_Exercise:_ After locating the line that contains "PMMASTO 2-Pack Over", quote it and all lines after it through the end of the entries, and nothing more. Pictures stay out.

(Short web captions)

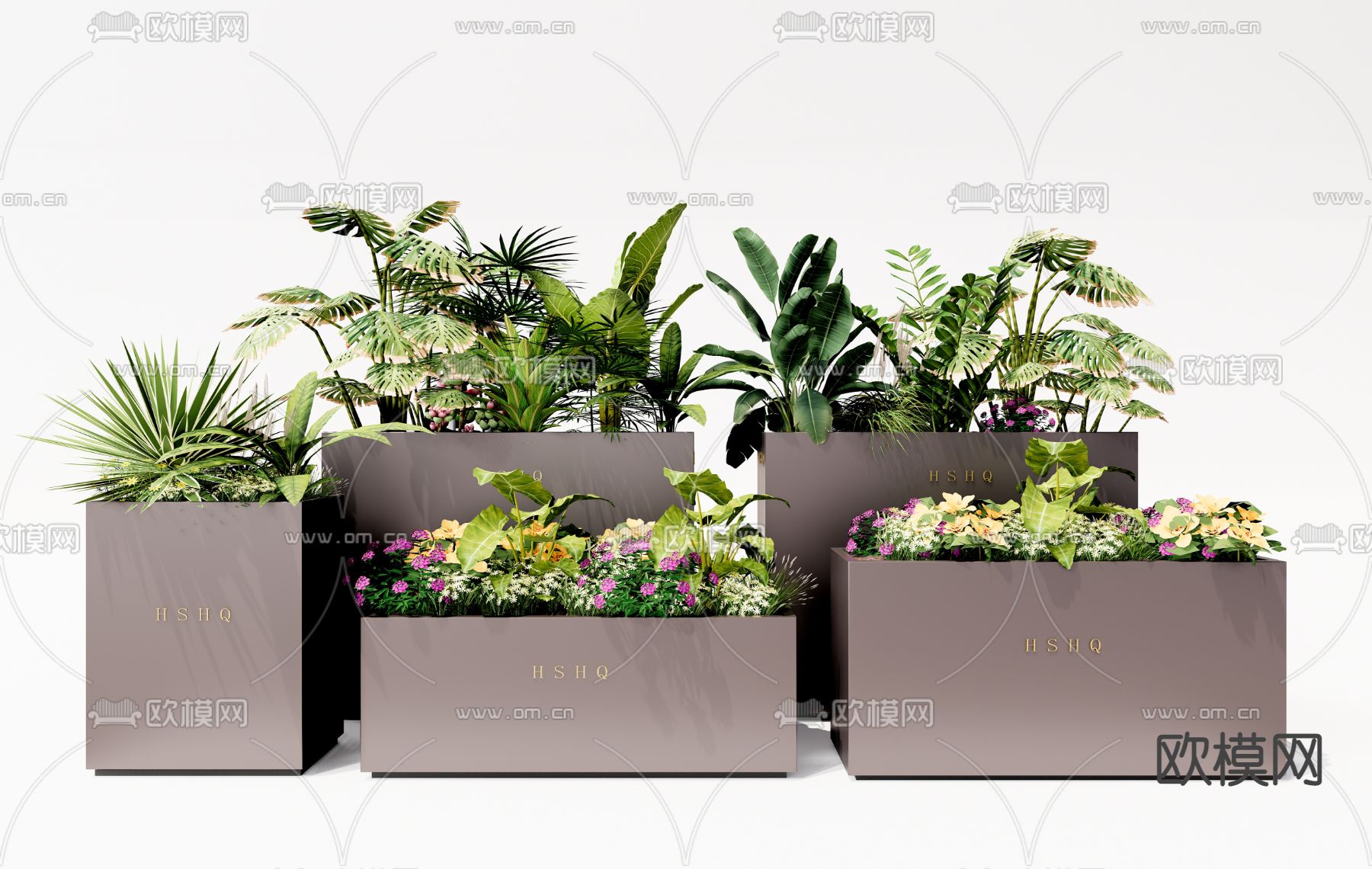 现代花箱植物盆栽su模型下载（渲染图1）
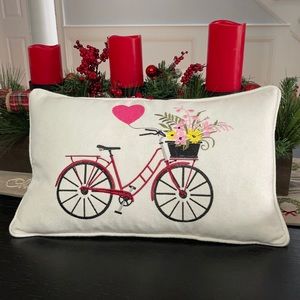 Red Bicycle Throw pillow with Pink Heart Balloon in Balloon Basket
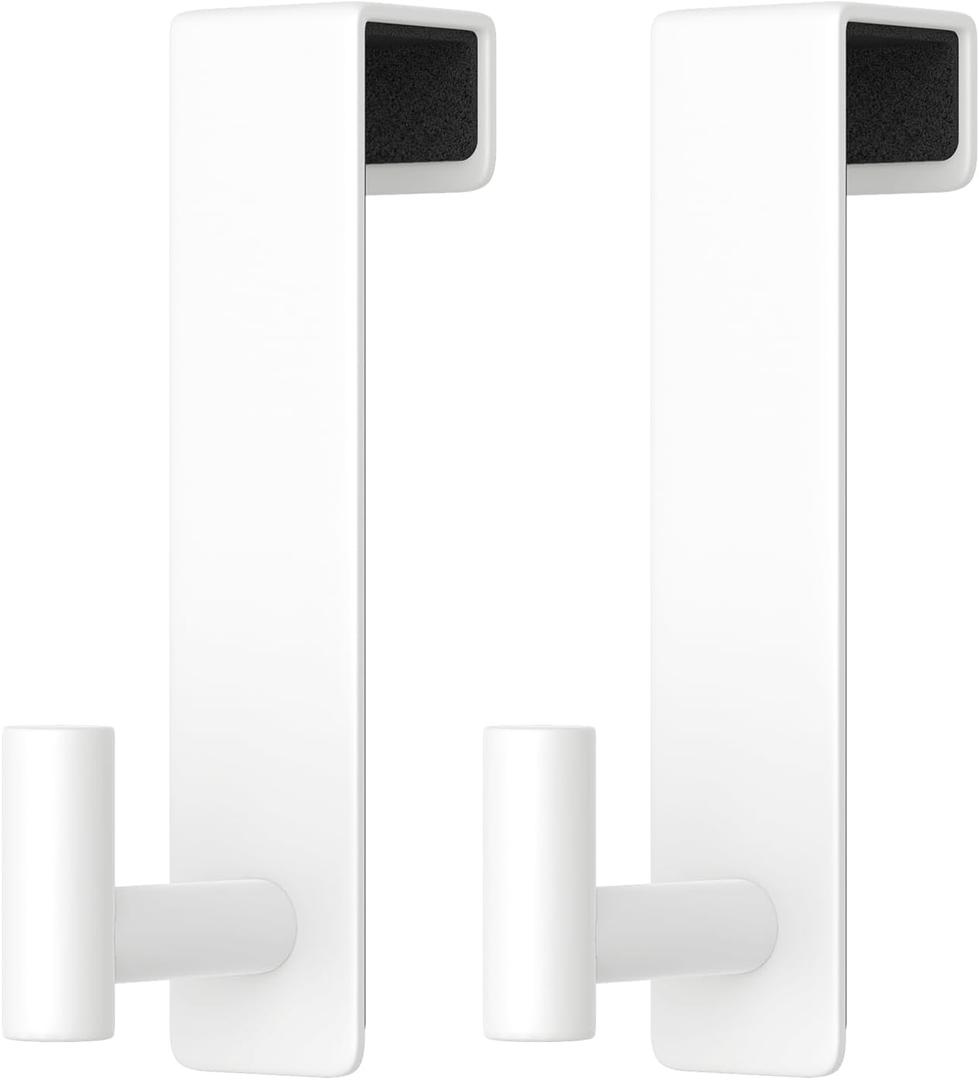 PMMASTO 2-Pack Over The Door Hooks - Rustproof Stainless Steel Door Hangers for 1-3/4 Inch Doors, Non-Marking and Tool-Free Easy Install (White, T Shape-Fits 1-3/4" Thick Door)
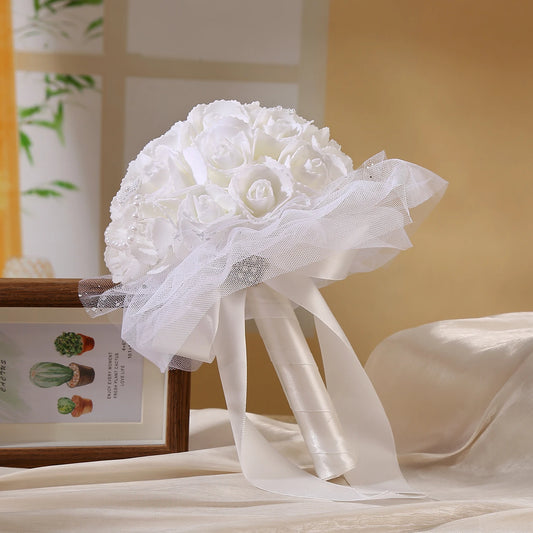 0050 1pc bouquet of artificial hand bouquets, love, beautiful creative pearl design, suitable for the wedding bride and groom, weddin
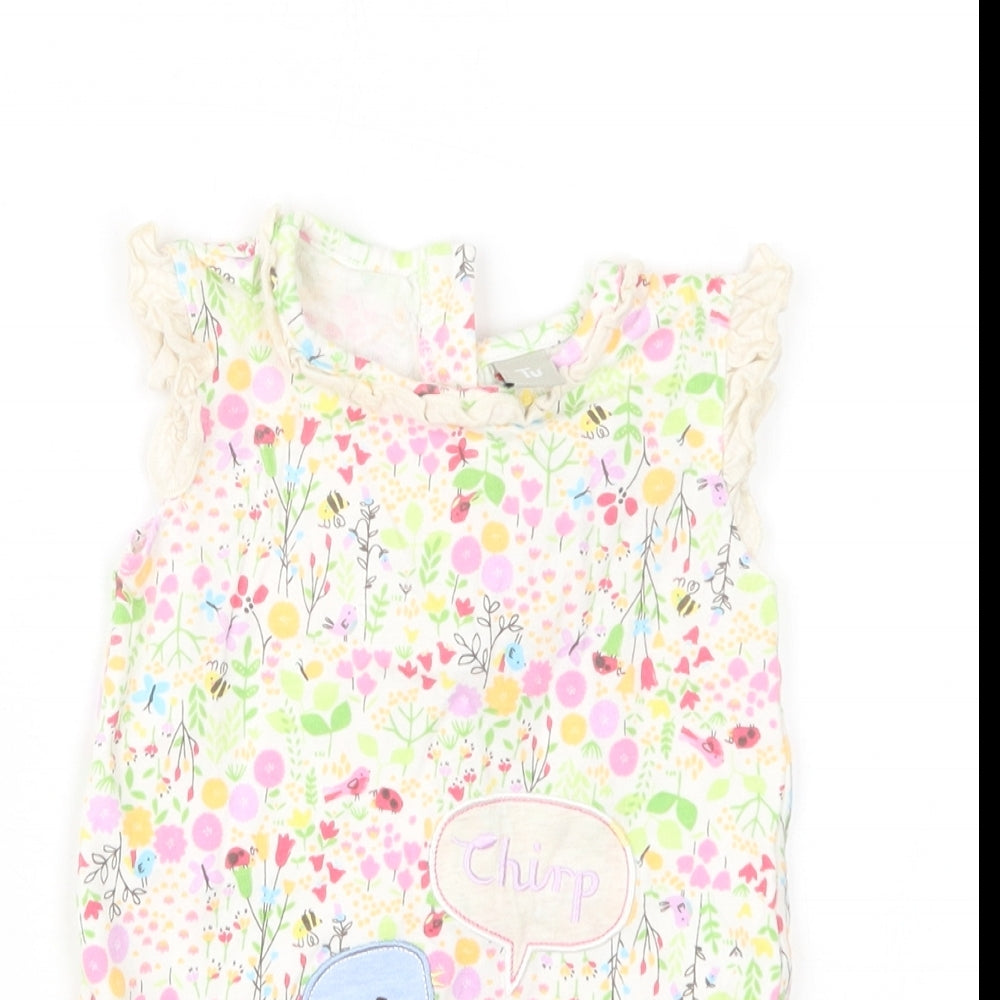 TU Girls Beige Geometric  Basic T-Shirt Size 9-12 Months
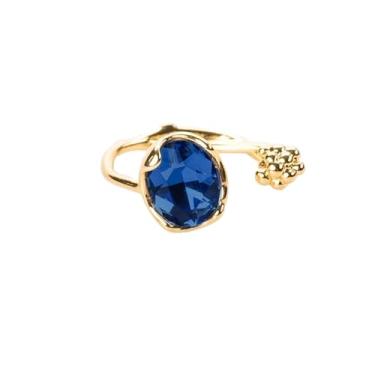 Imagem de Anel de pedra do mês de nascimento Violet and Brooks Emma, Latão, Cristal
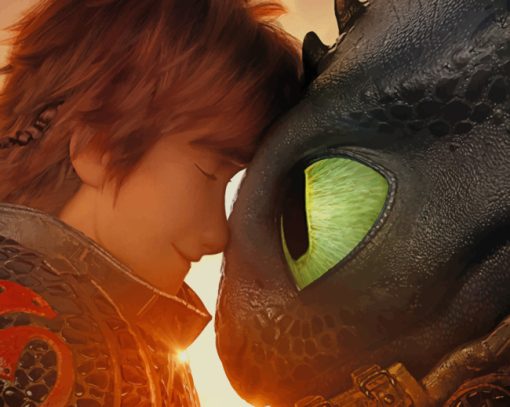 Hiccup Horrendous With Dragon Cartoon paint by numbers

_Your solution:_
 PMMASTO 2-Pack Over The Door Hooks - Rustproof Stainless Steel Door Hangers for 1-3/4 Inch Doors, Non-Marking and Tool-Free Easy Install (White, T Shape-Fits 1-3/4" Thick Door)
 0050 1pc bouquet of artificial hand bouquets, love, beautiful creative pearl design, suitable for the wedding bride and groom, weddin
 TU Girls Beige Geometric  Basic T-Shirt Size 9-12 Months
 Imagem de Anel de pedra do mês de nascimento Violet and Brooks Emma, Latão, Cristal
 Hiccup Horrendous With Dragon Cartoon paint by numbers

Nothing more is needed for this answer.